Talk:Lenstra elliptic-curve factorization

Pseudocode ?

edit

Can anyone provide pseudocode and an example for this topic to illustrate the method? Four steps are given but they are too abstract to be useful IMO. Compare with the excellent topic on Miller-Rabin primality test, for example. 14:08, 16 October 2008 (UTC) —Preceding unsigned comment added by 199.171.52.20 (talk)

I don't like pseudocode, but did try to make the steps more concrete. Will also add an example soon. --GaborPete (talk) 08:42, 1 April 2009 (UTC)Reply
OK, I have now put in an example. --GaborPete (talk) 04:56, 3 April 2009 (UTC)Reply
Also, I changed the "over Z/nZ" wording to "(mod n)". One reason is that the old version sounded too much as if Z/nZ was a field. Another reason is that my undergrads, for example, know what (mod n) is, but don't know "over Z/nZ". --GaborPete (talk) 08:42, 1 April 2009 (UTC)Reply

Try using a better browser for your edits, or use an offline editor like TextPad or NotePad so you won't lose what you type. --Ed Poor

The text "20 digits" should be replaced by "the cubic root of the number to be factored".

Average and worst case runtime? When was the method developed?Possible to give examples?

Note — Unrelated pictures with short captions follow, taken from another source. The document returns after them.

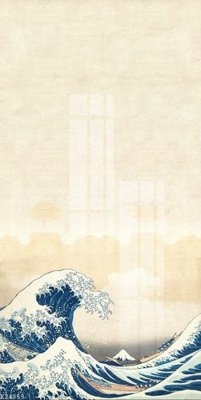 File gốc File gốc in tranh tổng hợp K24859 (in ấn) màu sắc trung thực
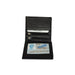 Brahma Bull Side Fold RFID Black Leather Wallet - Local Option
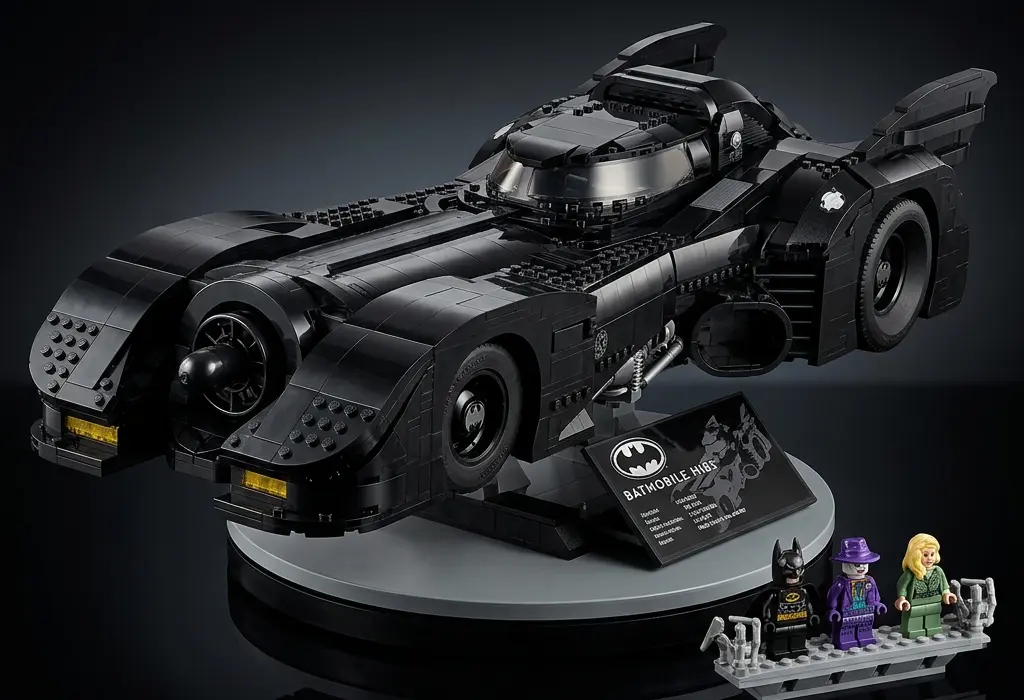 Collection de Batmobiles LEGO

Most people who know this stuff would characterise ECM as "probabilistic" and the seive methods MPQS and GNFS as "deterministic". It is possible to voice minor quibbles in both cases, but to assert exactly the opposite as the article does, is totally wrong. The rest of the article looks mostly ok. Possible deliberate vandalism by a later editor? Or just momentary brainfade? 203.164.222.80 02:03, 30 October 2006 (UTC)Reply

There is a bound quoted on the running time of the algorithm. But that's a deterministic bound, no mention of randomness, so it cannot be right! --GaborPete (talk) 08:42, 1 April 2009 (UTC)Reply

QS, MPQS and GNFS are classed as true random algorithms (this is unquestionably so) as when the final relation x^2 = y^2 mod n [means (x-y) (x y) = 0 mod n] is achieved there is a fifty-fifty chance that it will yield a trivial factor when n is the product of two primes, and fifty-fifty chance it will give a non trivial factor, so there is no way to make it deterministic. If the first relation achieved yields a trivial factor another relationship must be generated. (This is thus analagous to the complexity class ZPP. In ZPP, the expected running time is polynomial, but the worst case is exponential.) It is exponentially unlikely but theoretically possbible that one would have to generate exponential number of relations x^2 = y^2 mod n to get a non trivial factor. I don't believe current theory even by invoking the Riemann hypothesis and its generalizations and extensions can provably get this down to even sub-exponential. Maybe, but I highly doubt it, it would be possible to provably get it down to n^c trials, where c is 1/2 or so for the quadratic sieve, but I highly doubt it. One might have better luck with Dixon's algorithm, but I doubt it highly as well.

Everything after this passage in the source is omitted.